En el siglo XVII, el viajero Bartolomé Jory
observa en Valladolid “la presencia de muchos esclavos negros”. Las ideas
de Soto fueron muy influyentes, andando el tiempo. Dedicó su obra al heredero
del trono español. Pero, de momento, sus palabras sobre la esclavitud, escritas
claramente en la más prestigiosa de las universidades españolas, apenas si
provocaron alguna reacción. Uno que, sin embargo, las escuchó fue Alonso de
Montúfar, un dominico arzobispo de México, que en 1560 escribió al rey Felipe
II que no conocía ninguna causa justa por la cual los negros tuvieran que estar
cautivos, no más que los indios, pues se decía que recibían el Evangelio con
buena voluntad y no hacían la guerra a cristianos. No parece que el rey Felipe
le contestara. Poco antes, cuando era todavía príncipe y no rey, había pedido a
una comisión formada por un dominico, un cisterciense y dos franciscanos, qué
beneficios podían conseguirse concediendo a un banquero, Hernando Ochoa,
licencia para llevar veintitrés mil esclavos a América, a ocho ducados cada uno.

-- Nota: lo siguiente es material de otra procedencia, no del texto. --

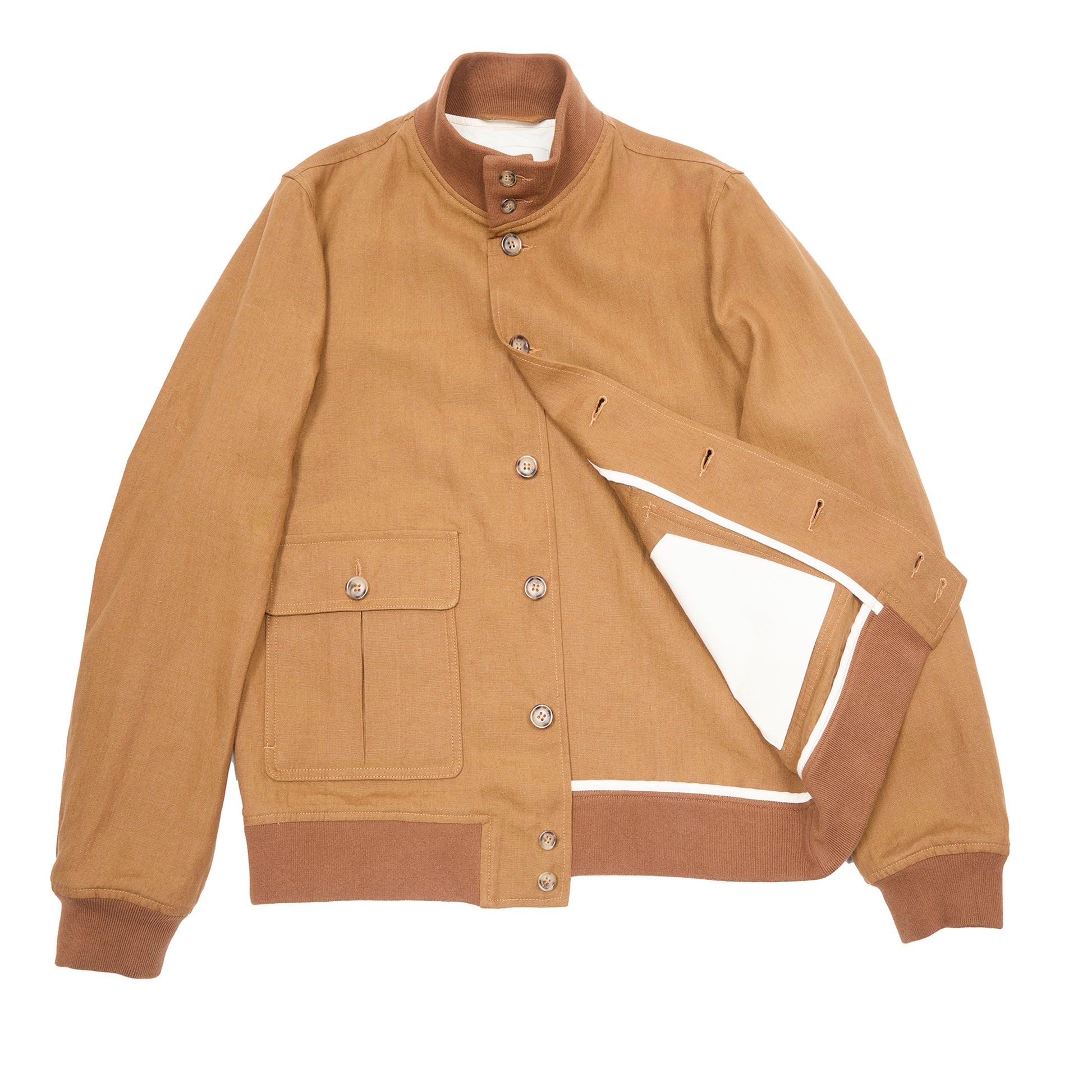 Valstar Valstarino Unlined Linen Jacket in Cognac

La discusión no abordó el tema de si era legal o ilegal tratar a los africanos
de este modo, sino el de si un contrato tan voluminoso perjudicaría a otros
mercaderes.
Por la misma época, un capitán portugués y
escritor militar, Fernao de Oliveira, también criticó la trata, en su Arte
da Guerra da Mar. Su crítica constituye una anticipación del movimiento
abolicionista, y hay que darle crédito por esta posición tan avanzada a su
tiempo. Señalaba que los monarcas africanos que vendían esclavos a los europeos
solían obtenerlos mediante el robo o librando guerras injustas, y ninguna
guerra librada con el fin específico de capturar gentes y destinarlas a la
trata podía ser justa. Oliveira denunció a sus paisanos por haber inventado un “comercio
tan malvado” como el de “comprar y vender pacíficos hombres libres como se
compran y venden animales”, como si fueran, los tratantes, “matarifes de un
matadero”.
La obra de Oliveira se publicó en 1555 en
Coimbra, ciudad donde, unos años después, en 1560, un dominico español, Martín
de Ledesma, escribió en sus Commentaria que todos cuantos eran dueños de
esclavos obtenidos mediante engaño por los tratantes portugueses (los lançados,
por ejemplo) deberían dejarlos libres inmediatamente, so pena de condenarse por la eternidad.
Señaló también que los
comentarios de
Aristóteles acerca de hombres salvajes que vivían sin orden no podían
considerarse, ni por asomo, aplicables a los africanos, muchos de los cuales
vivían bajo monarquías normales.
Estos argumentos no quedaron enteramente sin
consecuencias en Portugal. La Corona trató de convencer a los tratantes para
que no compraran esclavos capturados, pero la mayoría de las veces la
distinción entre captura y guerra era difusa, y los tratantes continuaron sosteniendo
que al comprar esclavos servían el interés superior de la humanidad.»
[El texto pertenece a la edición en español de Editorial Planeta, 1998, en traducción de Victor Alba y C. Boune, pp. 123-125. ISBN: 84-08-02739-5.]